Besides cutting, people may hurt themselves in other ways, including scratching, burning, picking at wounds, hair pulling, punching or head butting. People cut to deal with difficult problems or feelings they cannot verbally express.
Who cuts and why?
About two million people in the U.S. hurt themselves in some way. Most are teenagers or young adults, and they’re from all races and backgrounds. They often wear clothing like long pants or shirts to hide their cutting, even in warm weather.
For most people, it’s hard to understand why anyone would intentionally hurt themselves. But, for those who cut, there are a few common reasons:
- emotional pain they can’t put into words
- to gain a sense of control when other things in their life are out of control
- to punish themselves for troubling thoughts or acts.
- some find the act soothing
- to get a reaction from other people.
No matter the reason, cutting is a serious, dangerous behavior, and may be a sign of another problem.
Many people who cut themselves also have an eating disorder like anorexia or bulimia. Some may be experiencing depression. Others may have been sexually or physically abused.

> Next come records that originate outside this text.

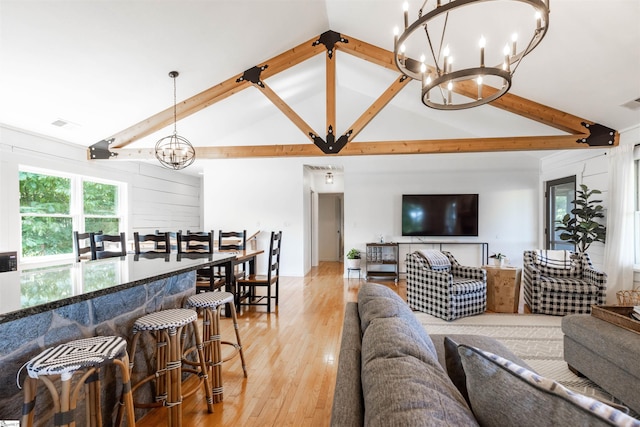248 Bay View Dr, Salem, SC 29676 - living area featuring light wood-style flooring, beamed ceiling, visible vents, a notable chandelier, and high vaulted ceiling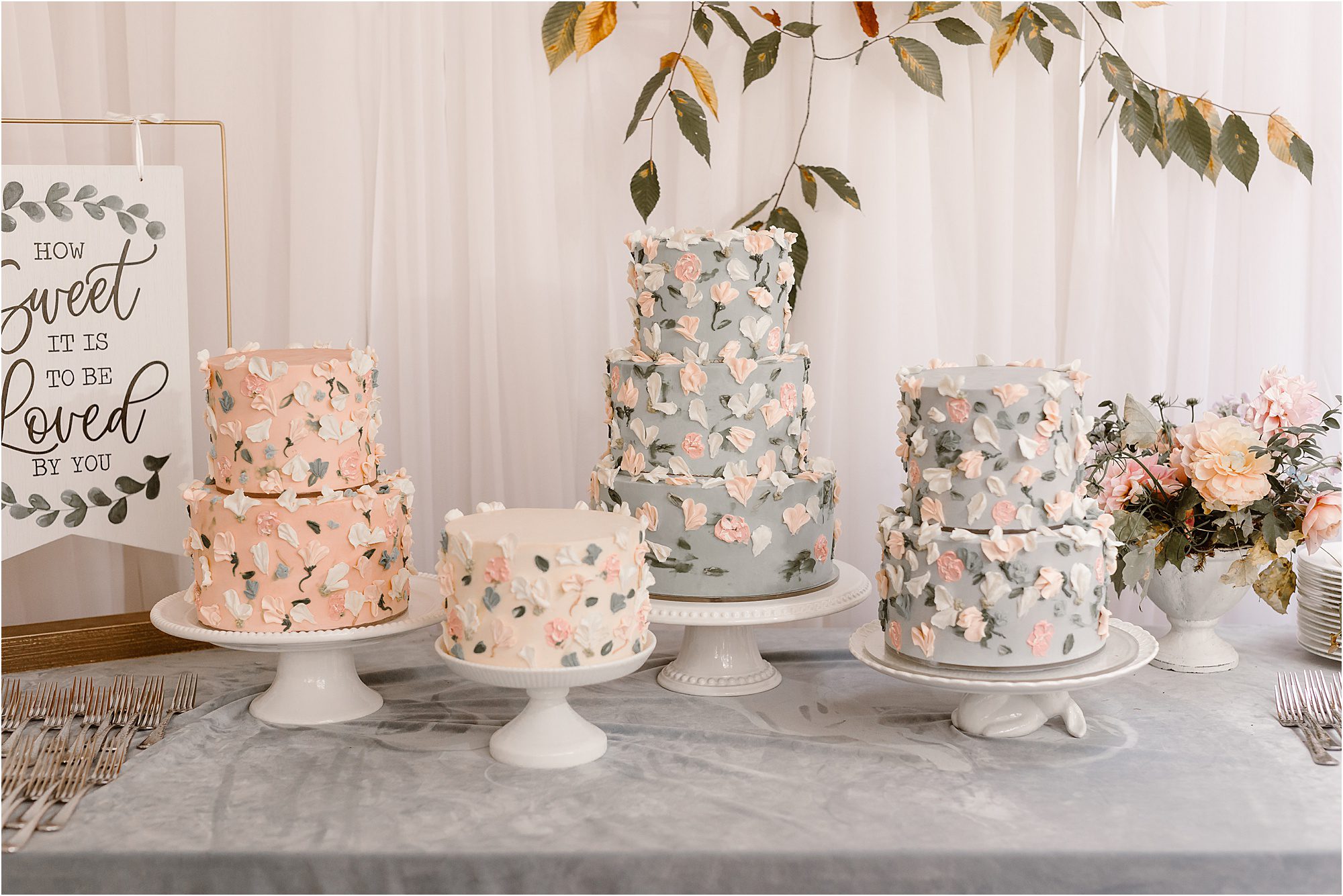 impeccable floral wedding cakes in blue and pink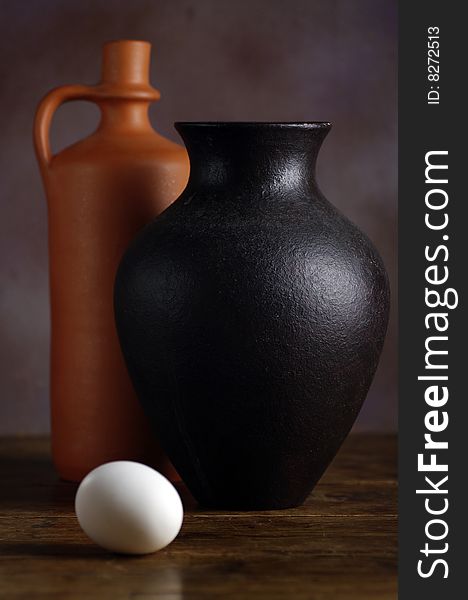 Two vases and an egg composition on a wooden table. Two vases and an egg composition on a wooden table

Is cutting a suicide attempt?
Usually, people who cut aren’t trying to kill themselves. At the same time, cutting can be life-threatening. In fact, sometimes, people can’t control the injury and die accidentally.

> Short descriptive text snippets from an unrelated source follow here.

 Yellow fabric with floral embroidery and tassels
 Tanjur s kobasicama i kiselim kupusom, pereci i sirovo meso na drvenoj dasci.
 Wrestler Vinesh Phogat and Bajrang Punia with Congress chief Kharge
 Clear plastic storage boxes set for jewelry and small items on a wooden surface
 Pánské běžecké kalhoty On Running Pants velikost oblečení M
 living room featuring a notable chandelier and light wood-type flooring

If you or someone you know is thinking about killing themselves, contact 1-800-SUICIDE (784-2433) immediately or contact befrienders.org from anywhere in the world to talk to a crisis center in your area. Suicide is never the answer to your problems.
You can also tell them about this site: myspace.com/towriteloveonherarms This non-profit is about bringing awareness, hope, encouragement and community to those who struggle with self-harm, depression and suicide (as well as addictions). They also raise money to help support programs that are addressing these issues. They gave away over a million dollars in 2009! My daughter’s story was the inspiration behind this global movement of love and hope. You can read her story by going to the myspace address above, then scrolling down and clicking on “read the story here” in the right hand column. (I apologize, there is profanity in the story)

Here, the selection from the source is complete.